Figure 5 ‑ Cumulative Net Energy 1200 Plants (Optimistic)


Table 4 is a Summary Table showing the results of analyses with Optimistic and Less Optimistic Assumptions and also showing the results of two 100‑year construction programs: (1) One New Plant Each Month, (2) One New Plant Each Week.


Table 4 ‑ Summary of Cost x E/GDP Analyses 100 yr. Scenarios

 

Static Analysis

Dynamic Net Energy Analyses
  Output
Input
Ratio
Cost
per
KwHr
Years
to Positive
Net Energy
50‑Year
Cumulative
Net Energy
100‑Year
Cumulative
Net Energy
Percent
Available
Energy
One Plant per Month Construction Program:      
Optimistic 3.84 $0.07 21 147Q 467Q 74%
Less Optimistic 1.86 $0.12 33 59Q 236Q 46%
One Plant per Week Construction Program:      
Optimistic 3.84 $0.07 21 637Q 2022Q 74%
Less Optimistic 1.86 $0.12 33 257Q 1022Q 46%
Annual U.S. Consumption in Y2000 was approximately 96 Quads (Q)


As a reminder, the variables changed in the Optimistic and Less Optimistic scenarios are shown in Table 5. The implications of each of these is discussed, below.


Table 5 ‑ Variables Changed for Results in Table 4

  Optimistic Less Optimistic
Btu's to produce One Dollar of GDP 12000 15000
Capacity Factor 80% 70%
Capital Cost of Plant, per KW $2,500  $4,000


E/GDP Ratio:
  The amount of energy need to produce a dollar of GDP is related to the technical efficiency of society to acquire and transform energy and produce goods and services. As previously noted it is also related to the "state of the world" with respect to existing infrastructure, physical capital, housing and equipment stock, ad infinitum, of the society.
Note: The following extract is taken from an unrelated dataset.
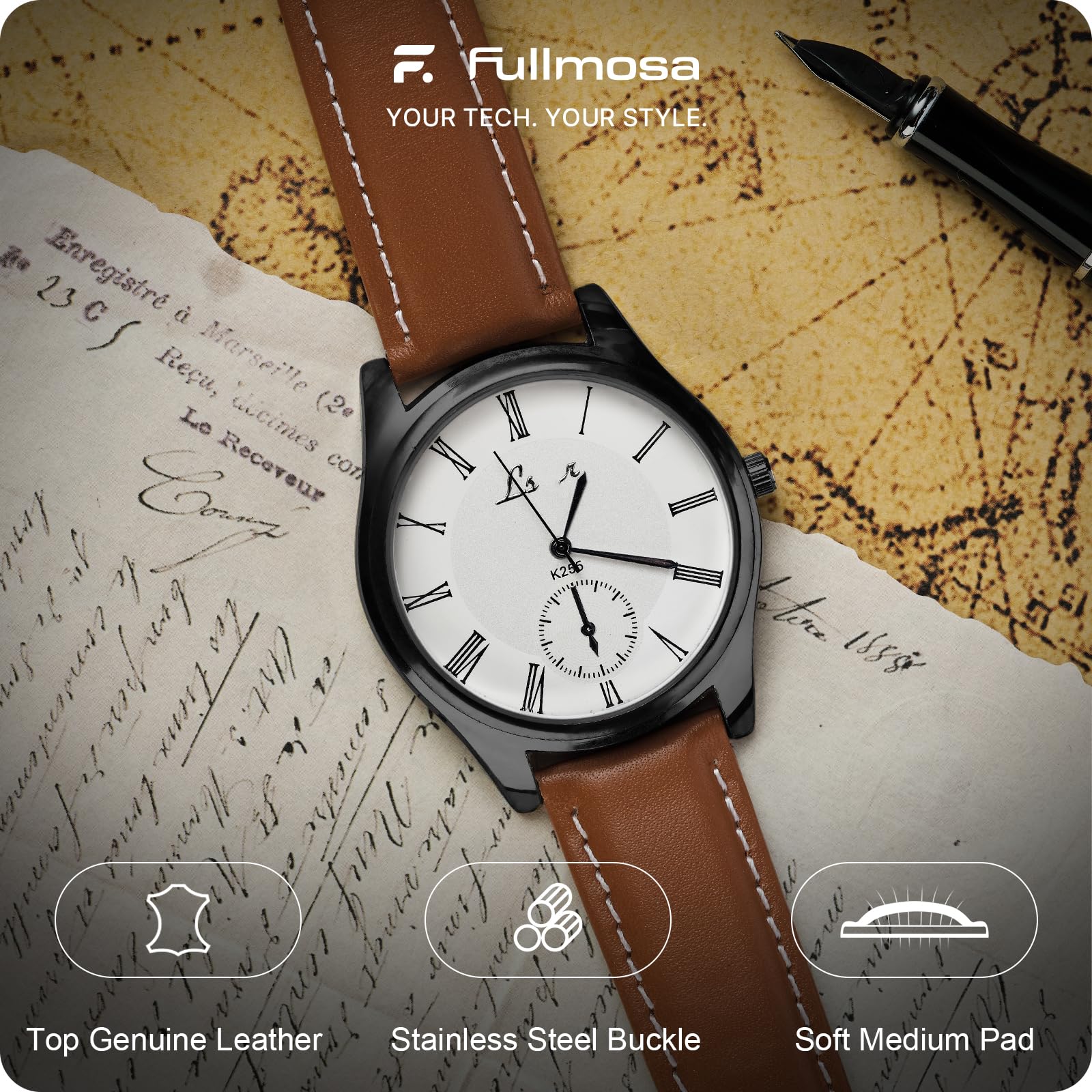 Fullmosa Cinturino in Pelle 22mm, Cinturini per Orologioa Sgancio Rapido per Uomo e Donna, Cinturini di Ricambio per Smartwatch Compatibile con Samsung Galaxy Watch 3 45mm, Marrone + Fibbia Nera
All are constantly wearing out and constantly being maintained and replaced. It is a matter of conjecture as to whether technical efficiency can constantly increase to maintain or lower the amount of energy needed to produce a unit of GDP. We do know that fossil fuels show a very high net‑energy yield (and significantly the imported oil from oil‑rich sources) and fossil fuels have been used to construct the existing set of infrastructure, physical capital, housing set, tools and equipment. All must be replaced at some point and it is argued that it is likely to be from energy that yields less net energy.
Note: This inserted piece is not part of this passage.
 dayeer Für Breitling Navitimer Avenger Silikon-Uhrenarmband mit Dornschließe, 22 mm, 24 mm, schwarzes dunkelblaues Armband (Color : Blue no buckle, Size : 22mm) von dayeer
Capacity Factor:  Currently, Nuclear Plants currently report high capacity factors (actual compared to potential.) The reason for the high rates is that they are now being used for "base load" capacity ‑ in other words they are selectively being kept on line in preference to other plant types (coal, natural gas, etc.) If nuclear power systems were to become the primary source of energy (or occupy a much larger share) then they would suffer the vicissitudes of demand for electricity and the system would be susceptible to the time­of‑day, seasonal demand changes, cycling of the economy, etc. and the capacity factor would, necessarily, be much smaller. It was found in the original study' (when Total Net Generation is divided by Total Capability Nameplate times 8760 hours/yr.) the "Efficiency Factor" was in the neighborhood of 50%. As nuclear plants were added to generating capacity from 1957 to 1983, the Efficiency Factor of the total system steadily dropped to a low of 40% in 1983. (This will be updated.)
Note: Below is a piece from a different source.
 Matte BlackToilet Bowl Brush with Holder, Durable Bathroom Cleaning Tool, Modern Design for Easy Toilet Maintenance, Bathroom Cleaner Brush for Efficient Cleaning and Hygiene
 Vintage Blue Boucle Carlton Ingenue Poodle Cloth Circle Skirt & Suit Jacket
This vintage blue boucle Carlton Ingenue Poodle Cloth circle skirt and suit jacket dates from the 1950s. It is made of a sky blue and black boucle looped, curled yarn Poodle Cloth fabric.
Plant Cost: The base plant cost is for generating plant. Transmission and distribution plant cost is estimated to be 50% of generating‑plant cost. In the original study (Tyner dissertation) it was concluded that it was decided that it would be conservative to estimate Transmission & Distribution Lifecycle Cost at 45% of Generating‑Plant Cost. 50% is used at this time but this section needs additional scrutiny.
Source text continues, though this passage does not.